▶ **Collected data**
★ ★ ★

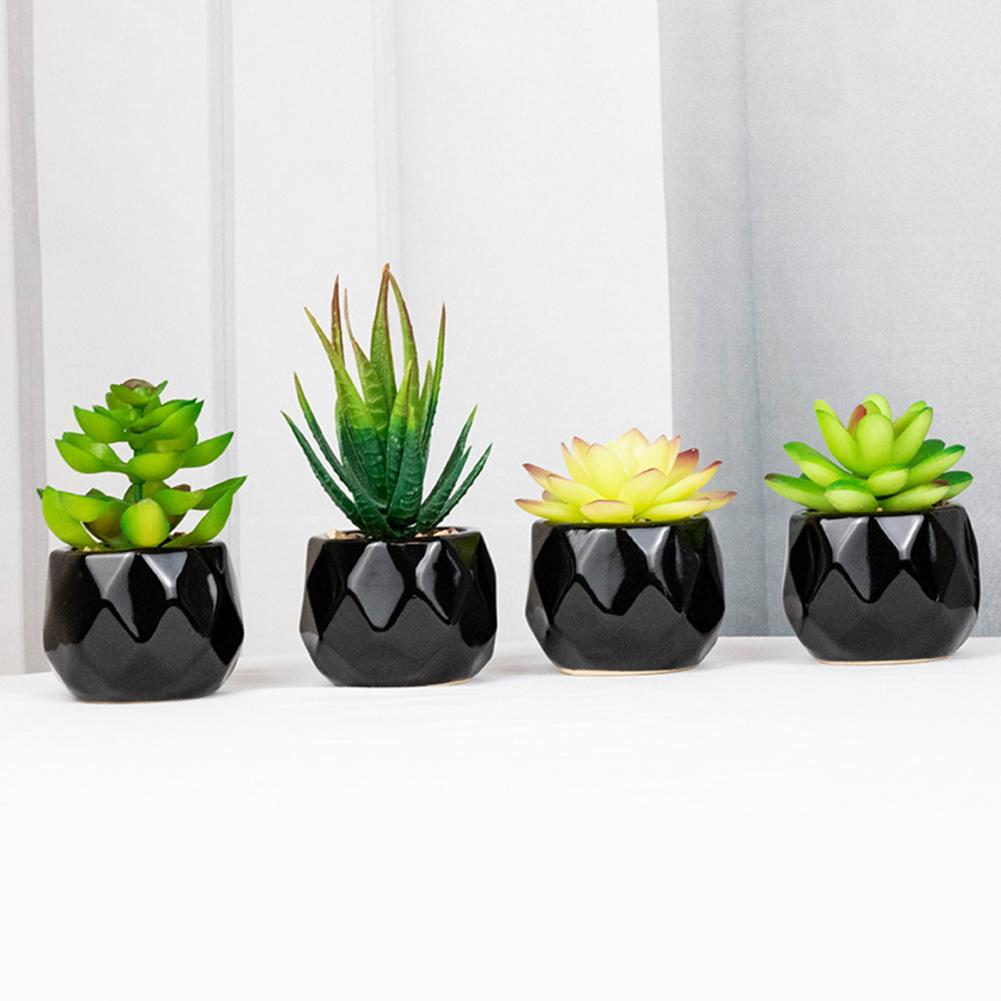 small faux plant in black pot Artififical succulent in black pot, 11 different designs – Rags n Rituals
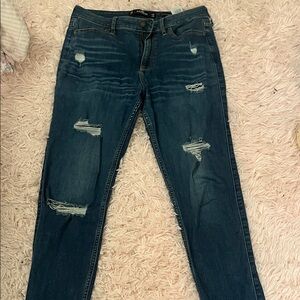 Hollister Dark Blue Distressed Skinny Jeans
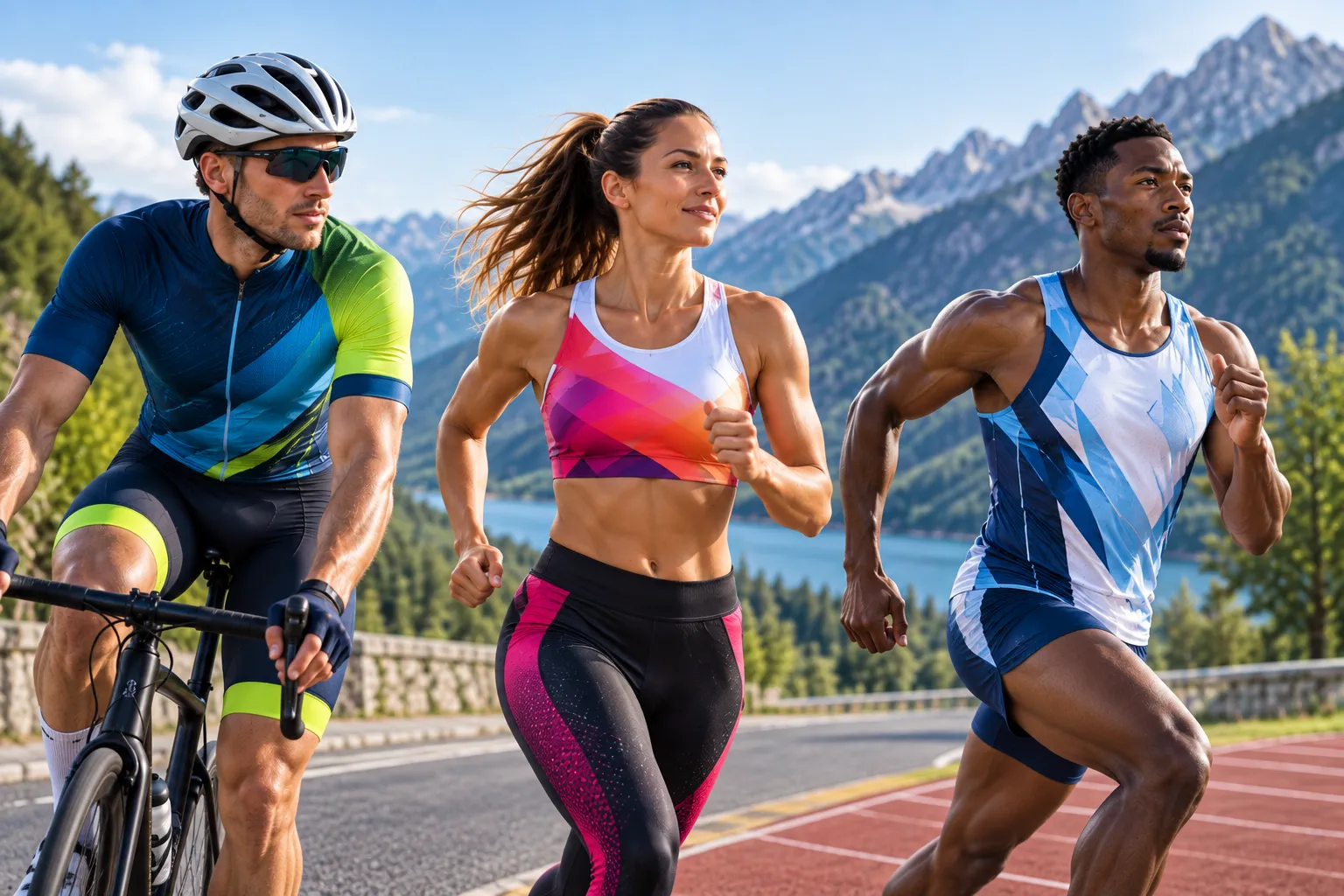 Cycliste, coureuse et athlète portant différentes tenues sportives personnalisées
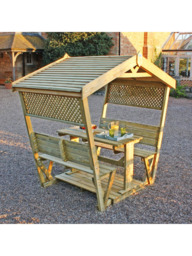 Zest Stirling 4-Seater Garden Dining Table & Chairs Arbour, Natural - thumbnail 5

★ ★ ★

▶ **Work instructions**
Every line of the listing above is to be retyped exactly, but the pictures are to be dropped.

▶ **Written solution**
 small faux plant in black pot Artififical succulent in black pot, 11 different designs – Rags n Rituals
 Hollister Dark Blue Distressed Skinny Jeans
 Cycliste, coureuse et athlète portant différentes tenues sportives personnalisées
 Zest Stirling 4-Seater Garden Dining Table & Chairs Arbour, Natural - thumbnail 5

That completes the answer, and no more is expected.